Cuando Jesús bajó de la montaña, lo
siguió una gran multitud.
Entonces un leproso fue a postrarse ante él
y le dijo: «Señor, si quieres, puedes purificarme».
Jesús extendió la mano y lo tocó, diciendo:
«Lo quiero, queda purificado». Y al instante quedó purificado de su lepra.

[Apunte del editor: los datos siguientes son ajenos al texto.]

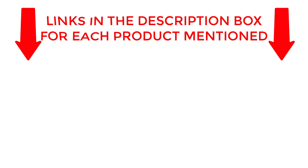If you want to know about price and other information, be sure to check the description. So without any further delay, let's jump into the video.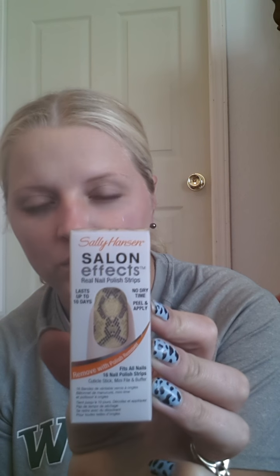I went to look for more of these Salon Effect Nail Strip things, and the only one they had that I didn't already own was this Rattlesnake one — it's like a rattlesnake snakeskin pattern. So I got that one. And then I got some more nail clippers because we always lose ours.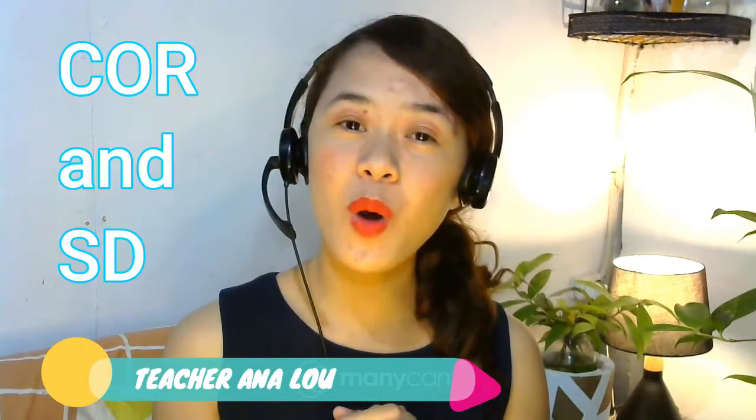Hello guys! Welcome to my channel! I am Teacher Anna Lu and I am an Ingoo shooter. For today's video, I am going to share with you how to get your COR and Sworn Declaration.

Jesús le dijo: «No se lo digas a nadie,
pero ve a presentarse al sacerdote y entrega la ofrenda que ordenó Moisés para
que les sirva de testimonio».
Al entrar en Cafarnaúm, se le acercó un
centurión, rogándole»
«Señor, mi sirviente está en casa enfermo
de parálisis y sufre terriblemente».
Jesús le dijo: «Yo mismo iré a curarlo».
Pero el centurión respondió: «Señor, no soy
digno de que entres en mi casa; basta que digas una palabra y mi sirviente se
sanará.
Porque cuando yo, que no soy más que un
oficial subalterno, digo a uno de los soldados que están a mis órdenes: «Ve»,
él va, y a otro: «Ven», él viene; y cuando digo a mi sirviente: «Tienes que
hacer esto», él lo hace».
Al oírlo, Jesús quedó admirado y dijo a
los que lo seguían: «Les aseguro que no he encontrado a nadie en Israel que
tenga tanta fe.
Por eso les digo que muchos
vendrán de Oriente y de Occidente, y se sentarán a la mesa con Abraham, Isaac y
Jacob, en el Reino de los Cielos;
en cambio, los herederos del
reino serán arrojados afuera, a las tinieblas, donde habrá llantos y rechinar
los dientes».
Y Jesús dijo al centurión:
«Ve, y que suceda como has creído». Y el sirviente se curó en ese mismo
momento.
Cuando Jesús llegó a la casa de Pedro,
encontró a la suegra de este en cama con fiebre.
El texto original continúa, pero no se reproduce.